*Information*:

************

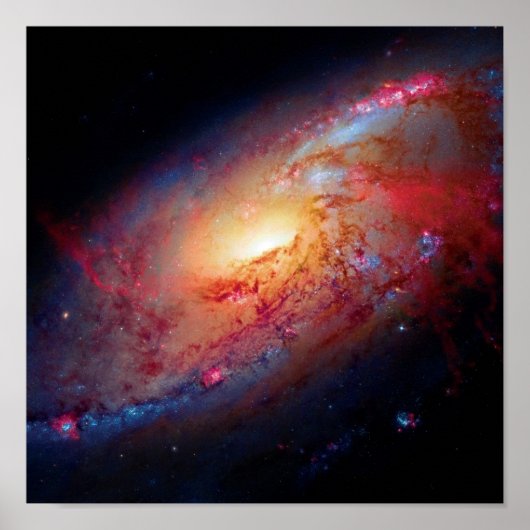 Messier M106スパイラル銀河系宇宙写真 ポスター (正面)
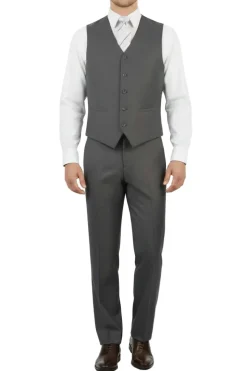 Heather Gray Regular Fit 3-Piece Suit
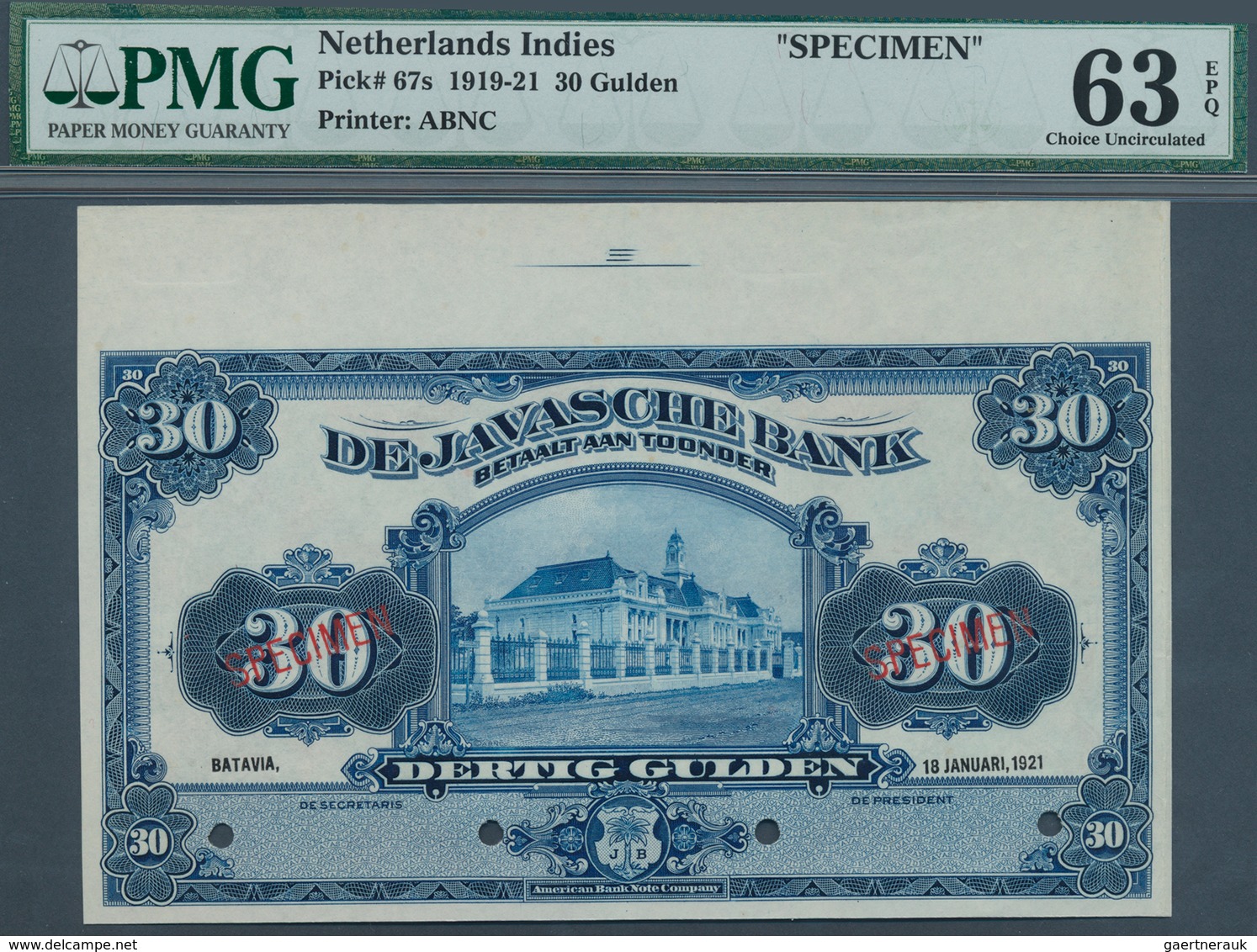 Netherlands Indies / Niederländisch Indien: 30 Gulden 1921 Specimen P. 67s, Rare Note And Probably U - Niederländisch-Indien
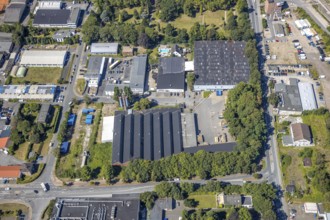Aerial view, industrial area Am Trimbuschhof, Werkshallenstraße, location for new fire station,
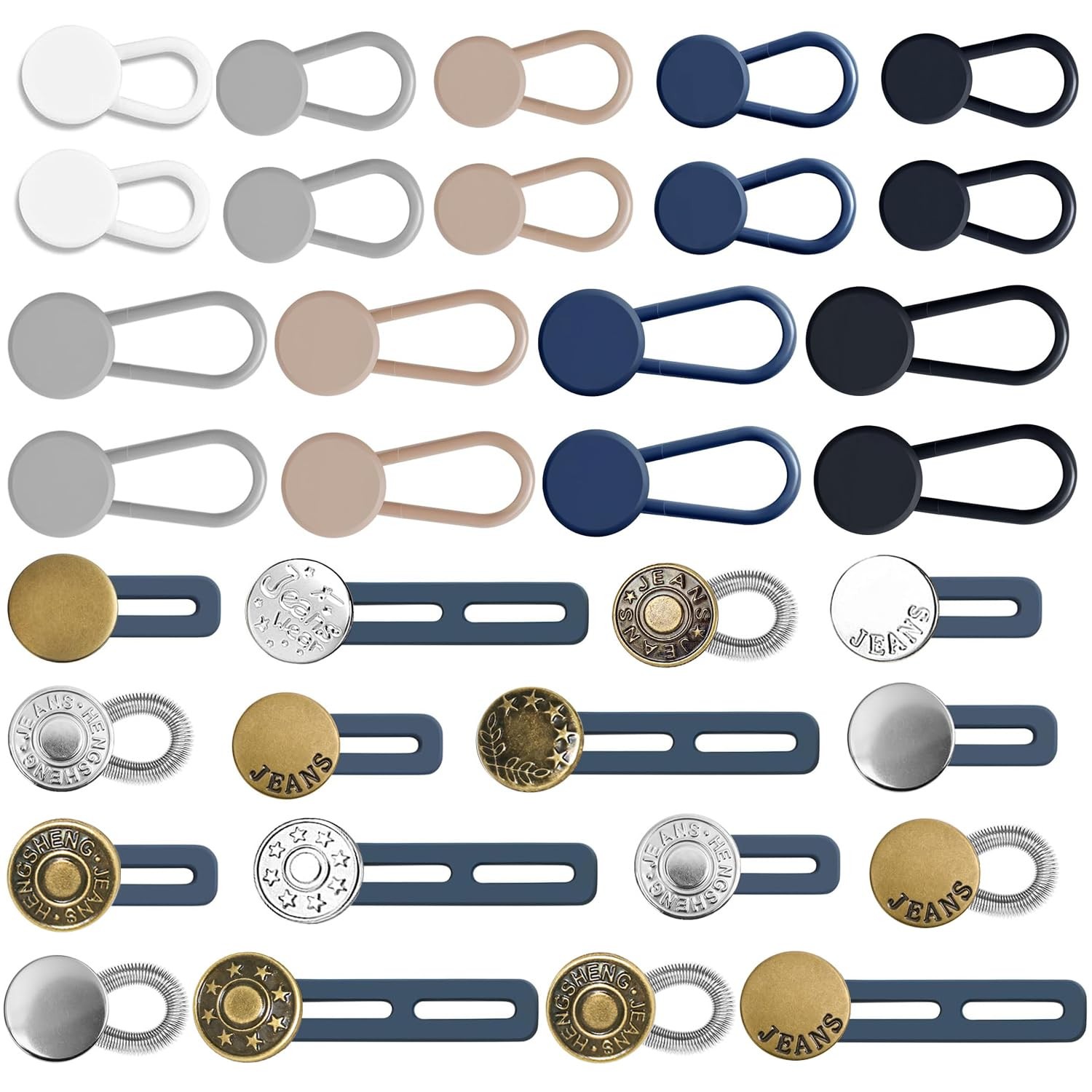 36 Pcs Button Extenders for Jeans, Pants Waistband Assorted,Black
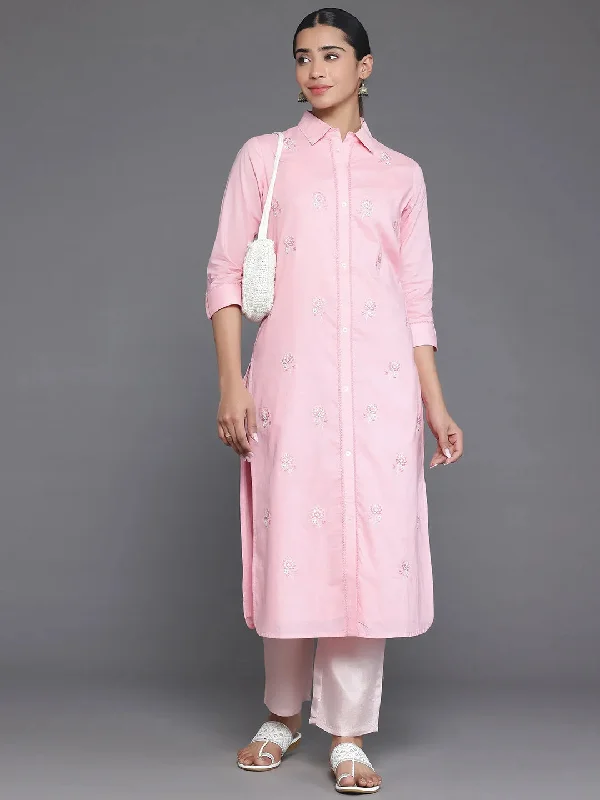 Pink Embroidered Cotton Straight Kurta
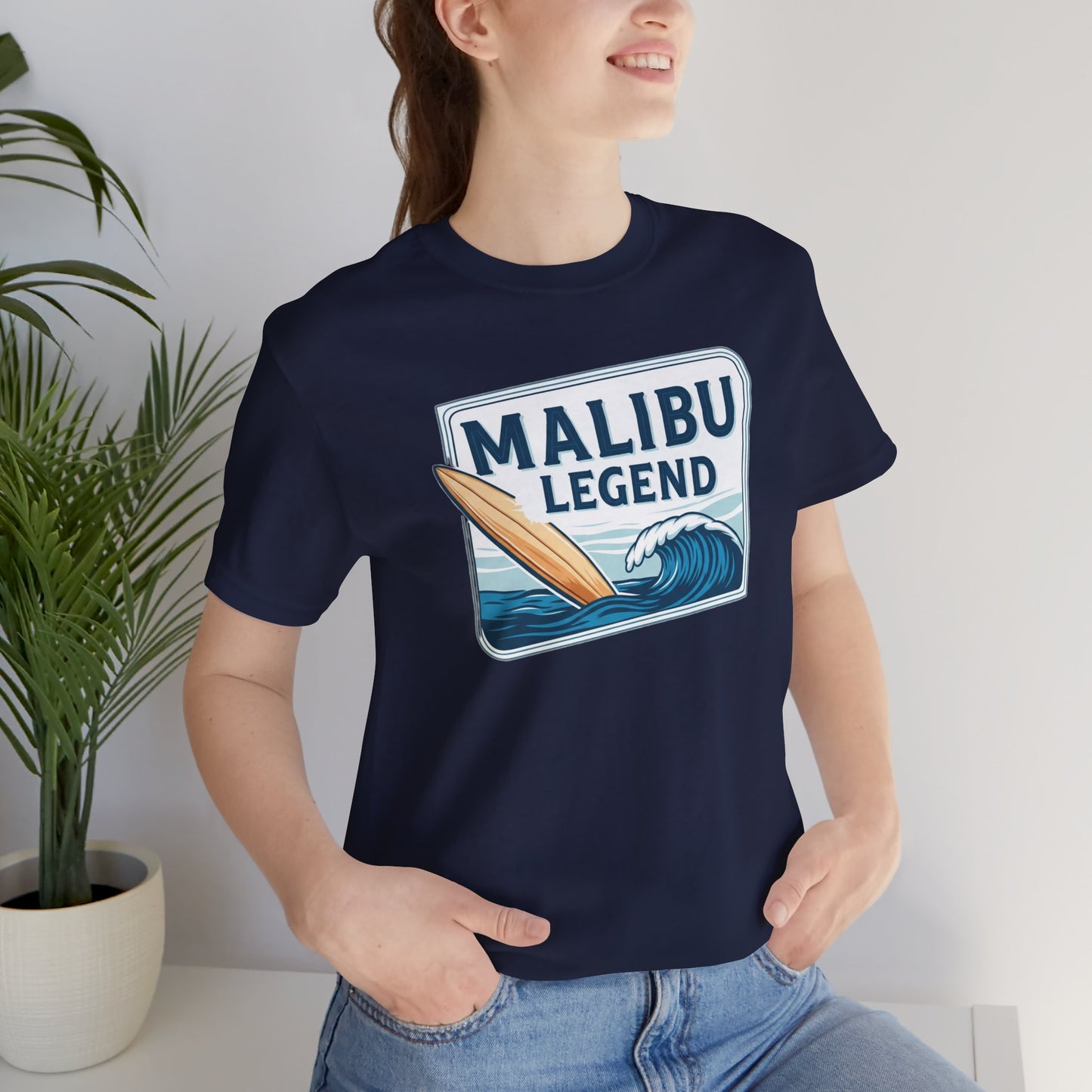 Malibu Legend Surf Tee | Unisex Jersey Short Sleeve Shirt, Beachwear, Summer Vibes, Surfing Gift, California Style, Malibu Souvenir Tee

************

*Aim of the exercise*: Your task is to set down exactly the lines that run from the line holding "36 Pcs Button" through the close of the entries, including both ends. Pictures stay out.

*Response to this task*:
 36 Pcs Button Extenders for Jeans, Pants Waistband Assorted,Black
 Pink Embroidered Cotton Straight Kurta
 Malibu Legend Surf Tee | Unisex Jersey Short Sleeve Shirt, Beachwear, Summer Vibes, Surfing Gift, California Style, Malibu Souvenir Tee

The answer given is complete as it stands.